Circle of Friends: Fine adaptation of Maeve Binchy classic

Warm, moving and often hilarious 1950s-set story still has resonance today


Gaiety Theatre, Dublin

A recent claim that Maeve Binchy’s classic novel is the “Normal People of its day” is a nice idea but overlooks the depth and brilliance of Binchy’s work. While both books feature good-looking college students on meandering paths to find themselves, this new stage adaptation of the 1990 bestseller reminds us why the late storyteller was so revered.

This coming-of-age tale takes us back to a conservative Ireland dominated by religion, strict social practices and romantic taboos, exploring the interconnected stories of new and old friends on their quests to find themselves.

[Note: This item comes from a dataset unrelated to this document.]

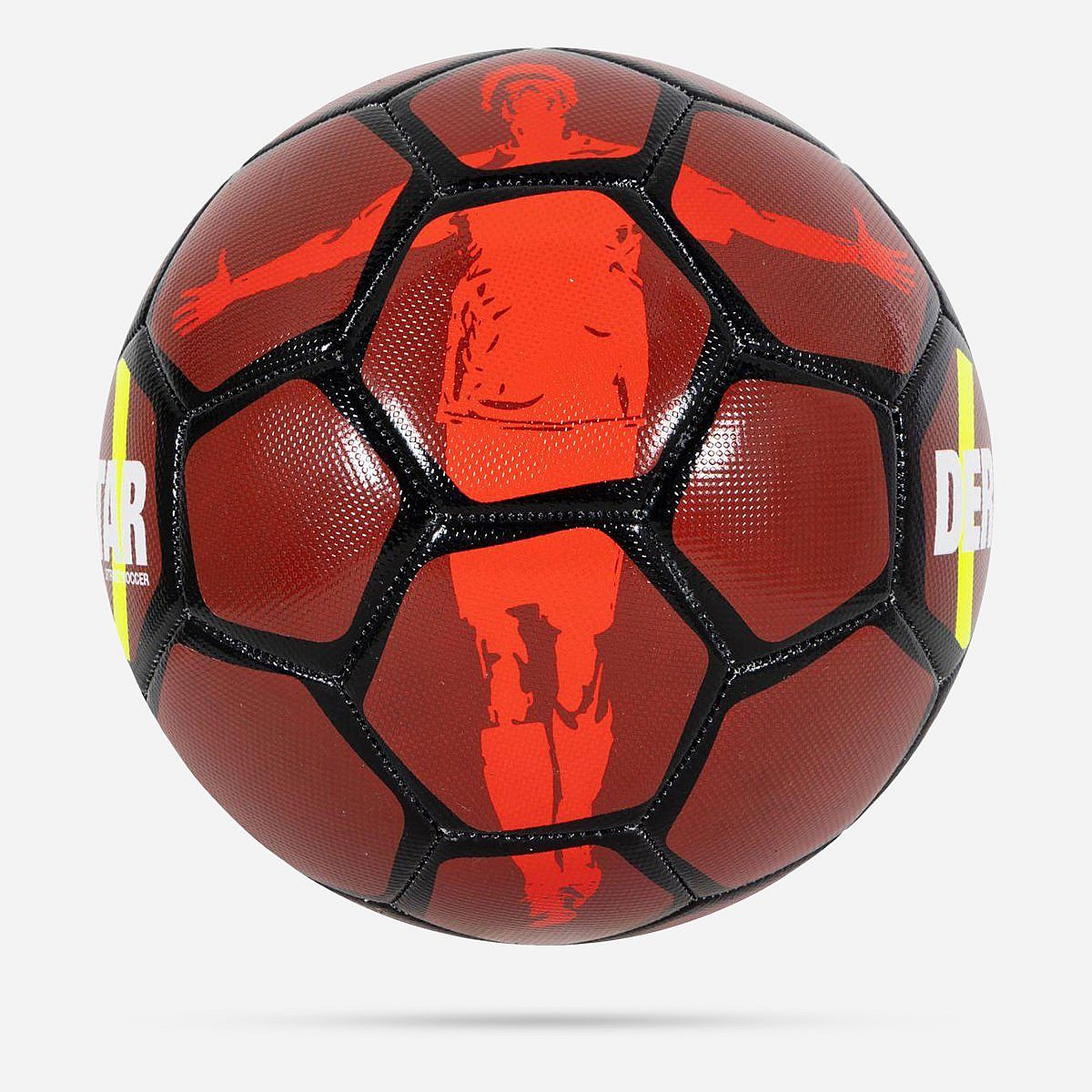 AN310461 Street Soccer Ball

Bubbly only child Benny Hogan (Roseanna Purcell) and fiercely independent Eve Malone (Aisling Kearns) leave their hometown in 1950s rural Ireland for college in Dublin. At UCD they meet dazzling northsider Nan Mahon (Juliette Crosbie), popular rugby jock Jack Foley (Jack Hickey) and smitten jokester Aidan Lynch (Shane O’Regan).

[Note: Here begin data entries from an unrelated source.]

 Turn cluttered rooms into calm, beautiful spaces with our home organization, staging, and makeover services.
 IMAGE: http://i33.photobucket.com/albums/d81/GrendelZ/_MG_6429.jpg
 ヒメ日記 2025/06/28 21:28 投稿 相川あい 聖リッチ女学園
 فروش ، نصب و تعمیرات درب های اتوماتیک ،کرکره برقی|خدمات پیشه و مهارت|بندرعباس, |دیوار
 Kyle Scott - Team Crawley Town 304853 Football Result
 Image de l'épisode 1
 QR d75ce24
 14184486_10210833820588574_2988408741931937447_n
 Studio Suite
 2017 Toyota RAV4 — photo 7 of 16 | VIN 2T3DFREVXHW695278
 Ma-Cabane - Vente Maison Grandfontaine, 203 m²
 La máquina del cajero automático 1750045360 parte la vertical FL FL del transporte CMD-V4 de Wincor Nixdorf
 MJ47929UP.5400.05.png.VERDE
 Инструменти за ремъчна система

Sex education may have improved since the 1950s, but many of Circle of Friends's themes remain relevant today

A hasty decision to attend the Fresher’s Ball as a group sets the quintet on a trajectory that sees friendships grow, unlikely relationships emerge, capturing the essence of finding your feet in those first few months of college.

Frequently the play will have you in stitches laughing as these young people desperately try to navigate their first love and sexual awakening. One scene with Benny, Eve and Nan using analogies to talk about love and sex left the audience chuckling away – as well as demonstrating a tight chemistry between the leads. Aidan’s witty remarks and antics as he frantically tries to win over Eve are also a joy.

Notable highlights include the hilarious chemistry of Benny’s lovable conservative parents (Susannah De Wrixon and Mark O’Regan) looking out for their child. Marcus Lamb’s depiction of the sleazy would-be suitor also offers an antagonist that the audience just loves to hate.

Sex education may have improved since the 1950s, and that Ireland may have been banished to the history books, but many of Circle of Friends’s themes remain relevant today.

Towering columns surround the stage, depicting UCD's 1950s city centre home in Earlsfort Terrace

The second act pulls the audience between butterfly-inducing romance and heart-breaking tragedy, painting a beautiful story of grief and the life that goes on. Impressive singing from Purcell and Crosbie delights the audience at times of love and loss.

Elaine Murphy’s stage adaptation successfully condenses of the 722-page novel into a concise theatre piece. Even minor characters are expertly written to reflect the archetypal nun, proud father and worried mother.

Director Viko Nikci has done a fine job of bringing Binchy’s beloved story to life, while Kate Moylan and Shadow Creation’s set design is simple yet effective. A rotating set piece in centre stage allows for quick transitions between scenes which often feature the same characters. Towering columns surround the stage, depicting UCD’s 1950s city centre home in Earlsfort Terrace. Moylan’s costume design boasts flawless dresses and tea-length skirts.

Sally Rooney may have encapsulated the college affair and that particularly Trinity-experience for many contemporary students in Normal People, but this universal, hilarious and heart-breaking adaptation demonstrates that Binchy’s timeless novel can bring so much more.